● **Problem to work on**
Nothing but the lines from the one containing "Many U.S. flags" through the end of the data should be retyped, exactly as they stand, and pictures should not be retyped.

● **Saved entries**
*** Begin section ***
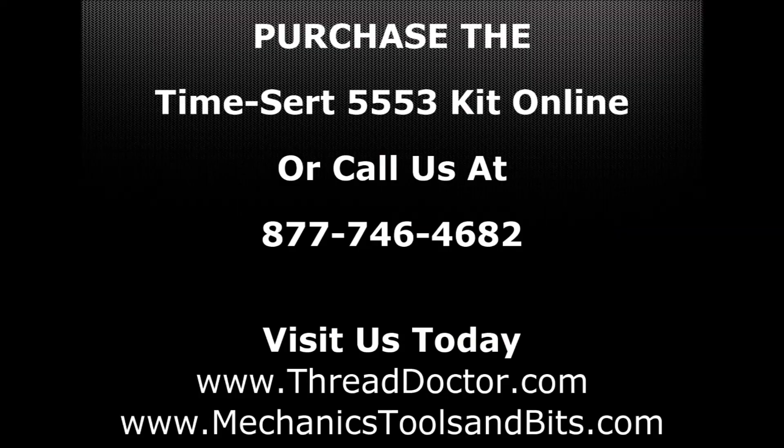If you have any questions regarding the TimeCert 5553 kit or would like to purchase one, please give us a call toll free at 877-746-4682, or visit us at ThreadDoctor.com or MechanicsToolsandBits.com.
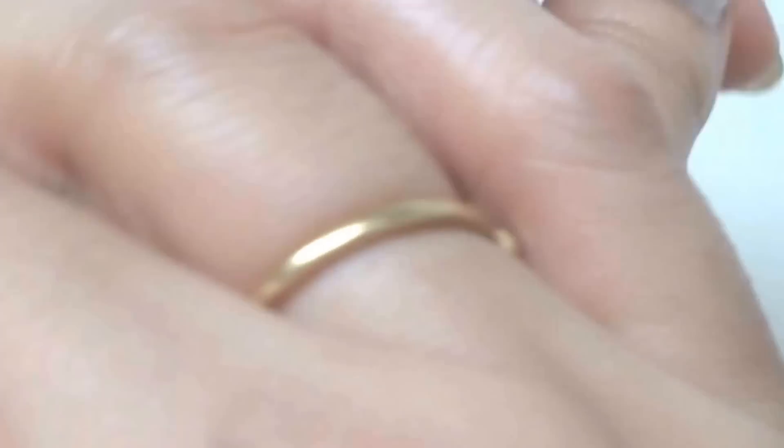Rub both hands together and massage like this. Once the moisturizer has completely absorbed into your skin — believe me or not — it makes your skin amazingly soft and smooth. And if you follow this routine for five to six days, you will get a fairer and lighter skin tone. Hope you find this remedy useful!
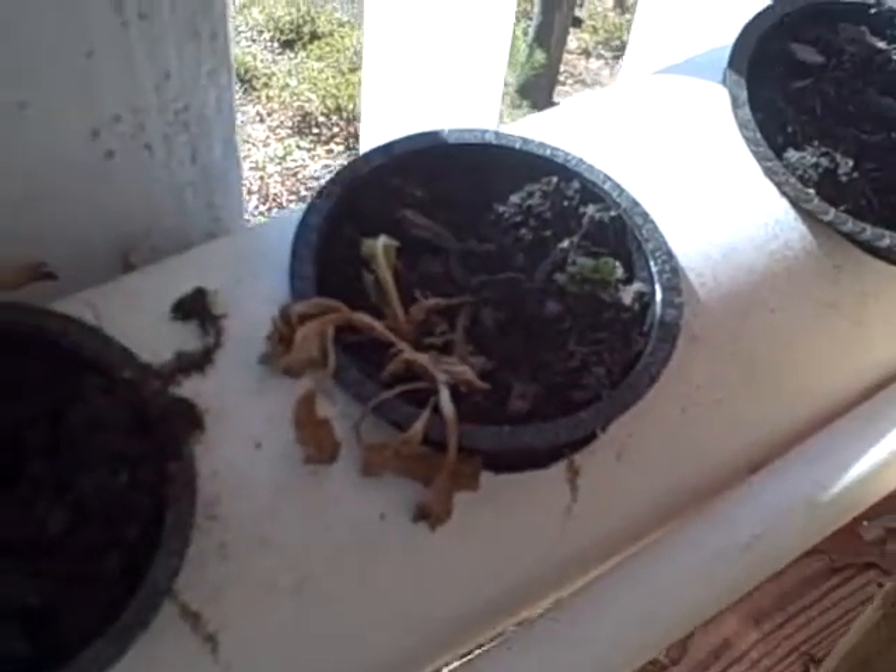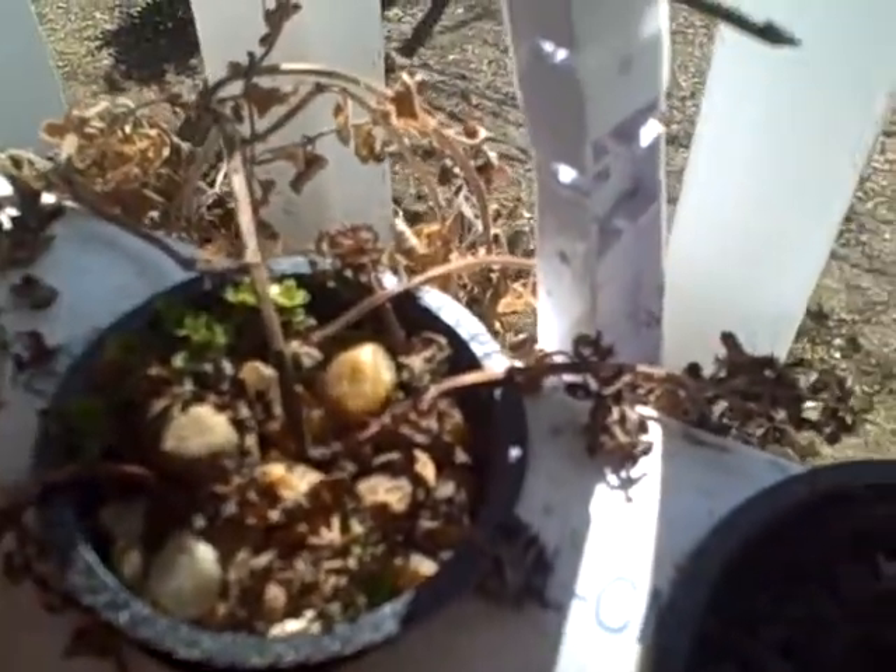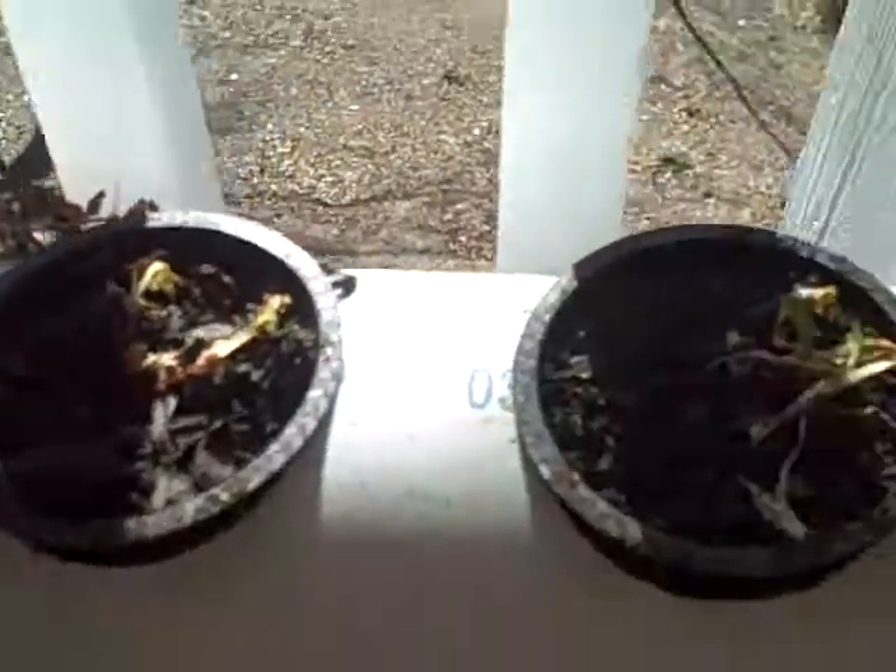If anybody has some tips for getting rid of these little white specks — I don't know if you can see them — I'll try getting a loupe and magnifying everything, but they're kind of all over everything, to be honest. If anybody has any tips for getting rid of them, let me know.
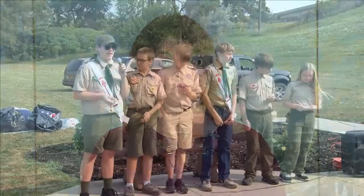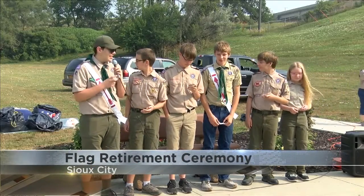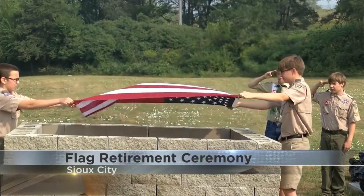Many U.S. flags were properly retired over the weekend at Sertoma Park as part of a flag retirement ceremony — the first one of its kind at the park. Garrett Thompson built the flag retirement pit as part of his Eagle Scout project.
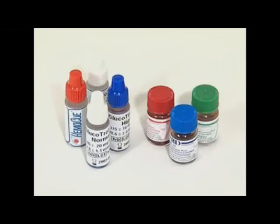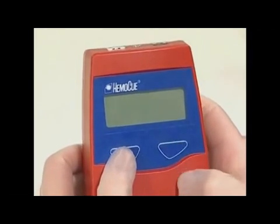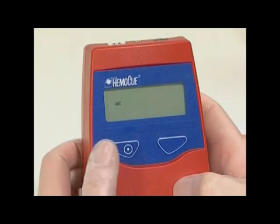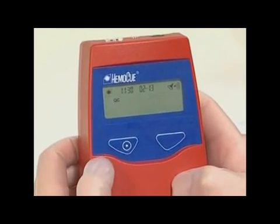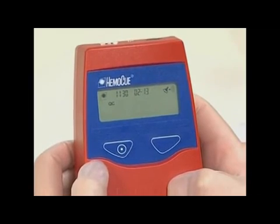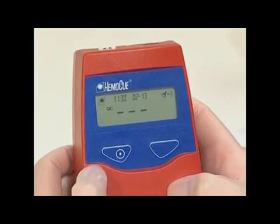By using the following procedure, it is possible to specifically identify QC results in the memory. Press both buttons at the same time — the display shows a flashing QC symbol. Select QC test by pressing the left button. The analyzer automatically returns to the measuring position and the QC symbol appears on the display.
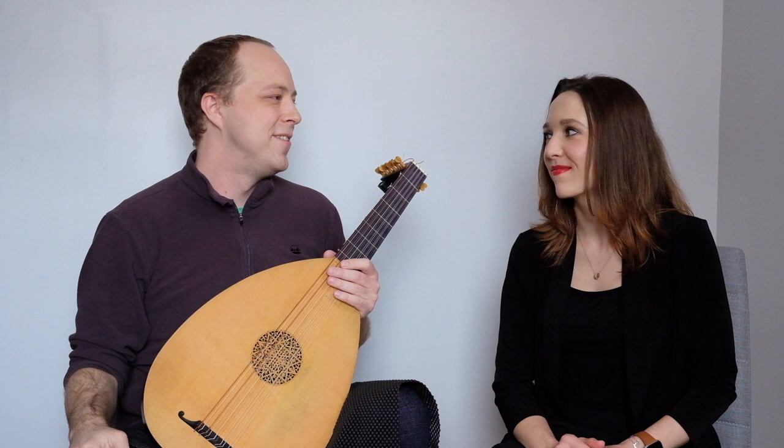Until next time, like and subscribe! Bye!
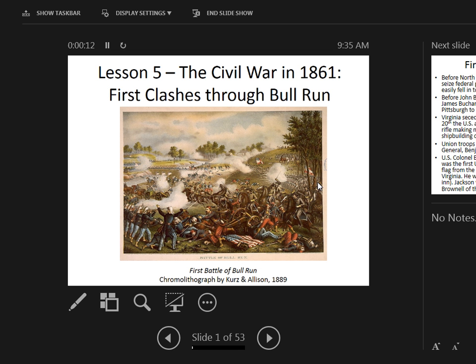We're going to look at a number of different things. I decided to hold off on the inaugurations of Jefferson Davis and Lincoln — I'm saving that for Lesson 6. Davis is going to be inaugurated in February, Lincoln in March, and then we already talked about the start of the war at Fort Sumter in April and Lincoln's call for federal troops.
*** End section ***
● **Result**
Many U.S. flags were properly retired over the weekend at Sertoma Park as part of a flag retirement ceremony — the first one of its kind at the park. Garrett Thompson built the flag retirement pit as part of his Eagle Scout project.
By using the following procedure, it is possible to specifically identify QC results in the memory. Press both buttons at the same time — the display shows a flashing QC symbol. Select QC test by pressing the left button. The analyzer automatically returns to the measuring position and the QC symbol appears on the display.
Until next time, like and subscribe! Bye!
We're going to look at a number of different things. I decided to hold off on the inaugurations of Jefferson Davis and Lincoln — I'm saving that for Lesson 6. Davis is going to be inaugurated in February, Lincoln in March, and then we already talked about the start of the war at Fort Sumter in April and Lincoln's call for federal troops.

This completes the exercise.